Là-dessus, il est incontestable qu’un événement comme le rassemblement dans la république autoproclamée de Donetsk, s’il avait lieu, constituerait une excellente action de communication pour le phénomène dont on évoque la possibilité de se manifester, tant l’attention est braquée sur l’Ukraine et sur les séparatistes ukrainiens. Pour ces derniers, les séparatistes ukrainiens, ce serait également un événement important de relations publiques, qui contribuerait à légitimer leur position, leur statut et même leur lutte.

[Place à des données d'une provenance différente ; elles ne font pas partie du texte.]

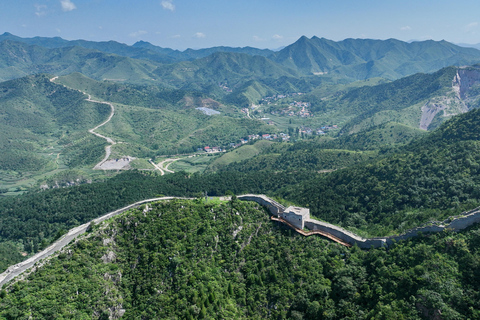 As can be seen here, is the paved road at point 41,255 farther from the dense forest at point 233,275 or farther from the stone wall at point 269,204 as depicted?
the stone wall at point 269,204

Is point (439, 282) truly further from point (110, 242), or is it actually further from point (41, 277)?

Il contribuerait à l’entrée de la situation ukrainienne dans une nouvelle phase, qu’on dirait post-Minsk2, consistant dans le renforcement et l’affirmation des positions qui sont sorties des combats lancés à la fin du printemps 2014.

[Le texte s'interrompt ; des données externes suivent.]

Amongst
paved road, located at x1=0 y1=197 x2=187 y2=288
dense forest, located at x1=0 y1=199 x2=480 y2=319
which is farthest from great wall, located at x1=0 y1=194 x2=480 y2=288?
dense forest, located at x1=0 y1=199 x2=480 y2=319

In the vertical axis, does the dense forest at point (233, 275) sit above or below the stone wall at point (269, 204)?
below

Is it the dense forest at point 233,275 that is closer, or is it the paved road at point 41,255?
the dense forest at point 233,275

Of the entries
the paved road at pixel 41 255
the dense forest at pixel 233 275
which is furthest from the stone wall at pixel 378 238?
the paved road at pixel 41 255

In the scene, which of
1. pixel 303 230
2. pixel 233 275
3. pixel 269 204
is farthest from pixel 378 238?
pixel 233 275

On suivra donc l’évolution du cas, pour l’instant sans rien pouvoir en dire de ses possibilités de réussite, d’affirmation, etc. Il reste qu’il s’agit d’une ouverture intéressante, dans la mesure où le caractère nécessairement antiSystème de tout mouvement sécessionniste/séparatiste à l’intérieur d’un pays du bloc BAO, quoiqu’il en soit de ses intentions et de sa réalisation, lui donne une vertu naturelle. La position hypothétique de la Russie par rapport à une telle dynamique, – par rapport au paradoxe d’une sorte de “fédération” internationale de divers mouvements sécessionnistes/séparatistes, — devrait être d’y trouver son intérêt tactique, si vraiment la direction politique russe est convaincue que la confrontation sous toutes ses formes (avec les USA principalement) est désormais une voie assurée. Même si le soutien de tels mouvements pourrait sembler en contradiction dangereuse avec d’éventuelles poussées centrifuges en Russie même, les Russes nous ont habitué à montrer assez de subtilité et d’agilité d’esprit pour contrôler sans trop de dommages cette contradiction ou ce conflit d’intérêt potentiel.